When I go on vacation, I'm still stuck for end-game support for p0 stuff. If production is down, I'll stop what I'm doing, If they can't make money, they can't pay my salary. I'll answer P1 questions off hours to an extent.
I don't absolutely hate it. I'm paid well for the inconvenience but they're playing with fire. I only go places that have some form of internet somewhere (doesn't need to be everywhere) and I'm always within 15 minutes of grabbing my laptop.
That's that me. But the company I work for is big enough that if they're fucked, it looks worse on my bosses for only having one of me and no plan. So fuck that, off I go.

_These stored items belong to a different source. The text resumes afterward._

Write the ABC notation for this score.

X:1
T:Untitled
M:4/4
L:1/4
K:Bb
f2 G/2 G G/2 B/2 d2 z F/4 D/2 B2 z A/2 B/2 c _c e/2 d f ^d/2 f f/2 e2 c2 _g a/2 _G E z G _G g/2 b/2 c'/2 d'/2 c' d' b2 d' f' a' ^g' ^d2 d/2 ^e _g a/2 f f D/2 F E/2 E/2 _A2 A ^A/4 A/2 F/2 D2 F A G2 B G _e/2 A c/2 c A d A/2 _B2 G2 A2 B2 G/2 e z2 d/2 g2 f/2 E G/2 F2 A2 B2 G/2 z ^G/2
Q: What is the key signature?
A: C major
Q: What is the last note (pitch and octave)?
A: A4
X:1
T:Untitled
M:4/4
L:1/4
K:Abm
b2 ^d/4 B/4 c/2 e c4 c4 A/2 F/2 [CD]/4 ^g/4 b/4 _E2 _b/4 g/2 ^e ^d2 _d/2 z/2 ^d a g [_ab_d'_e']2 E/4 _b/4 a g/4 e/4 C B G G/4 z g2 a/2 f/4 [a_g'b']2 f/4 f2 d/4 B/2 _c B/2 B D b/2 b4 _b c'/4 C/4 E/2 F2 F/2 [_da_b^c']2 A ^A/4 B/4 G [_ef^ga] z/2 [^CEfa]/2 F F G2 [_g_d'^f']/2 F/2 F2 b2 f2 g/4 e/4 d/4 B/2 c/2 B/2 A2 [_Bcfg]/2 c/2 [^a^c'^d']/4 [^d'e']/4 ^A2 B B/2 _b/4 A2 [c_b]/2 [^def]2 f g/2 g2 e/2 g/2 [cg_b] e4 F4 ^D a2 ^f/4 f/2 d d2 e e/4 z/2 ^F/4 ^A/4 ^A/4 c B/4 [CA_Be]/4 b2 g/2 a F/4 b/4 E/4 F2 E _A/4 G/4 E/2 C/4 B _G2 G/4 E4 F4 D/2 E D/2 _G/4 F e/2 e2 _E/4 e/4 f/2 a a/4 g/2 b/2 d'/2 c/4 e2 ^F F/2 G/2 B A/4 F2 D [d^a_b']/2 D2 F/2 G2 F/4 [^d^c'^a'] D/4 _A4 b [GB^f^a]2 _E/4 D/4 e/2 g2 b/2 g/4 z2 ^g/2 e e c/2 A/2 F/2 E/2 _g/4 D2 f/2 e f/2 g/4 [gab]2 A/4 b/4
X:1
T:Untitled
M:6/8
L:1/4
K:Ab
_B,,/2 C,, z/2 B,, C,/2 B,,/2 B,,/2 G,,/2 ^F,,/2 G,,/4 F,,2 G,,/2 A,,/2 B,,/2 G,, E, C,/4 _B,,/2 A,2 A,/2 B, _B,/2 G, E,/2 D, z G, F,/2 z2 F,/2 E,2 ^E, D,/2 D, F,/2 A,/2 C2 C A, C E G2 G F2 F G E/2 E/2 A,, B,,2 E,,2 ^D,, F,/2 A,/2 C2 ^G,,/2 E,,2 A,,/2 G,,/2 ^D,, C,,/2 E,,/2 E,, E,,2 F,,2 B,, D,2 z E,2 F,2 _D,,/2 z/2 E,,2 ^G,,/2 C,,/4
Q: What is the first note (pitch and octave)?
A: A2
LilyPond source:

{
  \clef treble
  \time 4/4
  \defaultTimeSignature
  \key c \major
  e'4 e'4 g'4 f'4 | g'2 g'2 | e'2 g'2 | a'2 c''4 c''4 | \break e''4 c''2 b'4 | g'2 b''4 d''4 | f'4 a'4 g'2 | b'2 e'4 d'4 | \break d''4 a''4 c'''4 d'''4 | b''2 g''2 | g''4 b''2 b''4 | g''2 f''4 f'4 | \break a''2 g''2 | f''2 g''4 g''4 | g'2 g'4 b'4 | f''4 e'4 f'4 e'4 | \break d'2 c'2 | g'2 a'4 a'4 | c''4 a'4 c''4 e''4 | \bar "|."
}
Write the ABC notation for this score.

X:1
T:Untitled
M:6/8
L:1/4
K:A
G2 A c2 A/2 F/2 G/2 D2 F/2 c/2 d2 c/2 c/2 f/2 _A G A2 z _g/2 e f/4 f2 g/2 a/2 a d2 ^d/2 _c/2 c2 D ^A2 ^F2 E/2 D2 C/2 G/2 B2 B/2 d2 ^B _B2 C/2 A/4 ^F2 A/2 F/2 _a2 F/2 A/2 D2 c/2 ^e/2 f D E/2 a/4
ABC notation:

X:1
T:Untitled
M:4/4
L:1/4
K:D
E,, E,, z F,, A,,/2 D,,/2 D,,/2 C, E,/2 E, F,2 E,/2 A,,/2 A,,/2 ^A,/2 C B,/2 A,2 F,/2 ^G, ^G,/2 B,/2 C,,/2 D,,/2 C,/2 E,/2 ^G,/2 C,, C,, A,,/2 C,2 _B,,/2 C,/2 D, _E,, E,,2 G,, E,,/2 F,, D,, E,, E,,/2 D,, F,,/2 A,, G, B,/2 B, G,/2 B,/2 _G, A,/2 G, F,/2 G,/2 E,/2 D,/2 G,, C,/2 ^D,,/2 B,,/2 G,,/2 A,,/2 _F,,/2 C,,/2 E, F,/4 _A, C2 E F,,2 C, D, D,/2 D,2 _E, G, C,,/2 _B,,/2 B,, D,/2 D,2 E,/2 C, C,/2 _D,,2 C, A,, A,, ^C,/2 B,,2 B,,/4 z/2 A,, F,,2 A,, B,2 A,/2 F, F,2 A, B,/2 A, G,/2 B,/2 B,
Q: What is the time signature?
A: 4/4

I told them how badly things could go if someone grabbed my laptop, so that stays very safely behind too.
I highly doubt it, since any European with sense will know that some countries have far different attitudes towards work than others, and complicated relationships between eastern and western Europe in regards to skilled trade work and immigration...
EU has delegated (?) acts mandating that every EU country transfers to local laws the "right to disconnect" with which every company needs to have a policy that prohibits them contacting their employees outside of work time (which ofc includes vacations) ... except "in emergencies" (along with communication channel sequence) ... which arent super defined but should be along the lines of preventing/avoiding damages in extraordinary situations.
And that employees can't be punished for ignoring any communication outside of work hours in any case.
There is a delegated act on the way that may find its way into law, but it's likely that it won't get that far (like many EU laws) because they move a lot slower than local laws, and because not all countries agree (or agree to a larger extent). It's also worth noting that the EU != Europe, so there will be several counties in and out that will have their own vested interests in passing/not passing this as law. Ireland is a big one, as they heavily rely on tech investment, whereas France will likely go above and beyond anything the EU will cook up. I believe Belgium in particular beat everyone to this.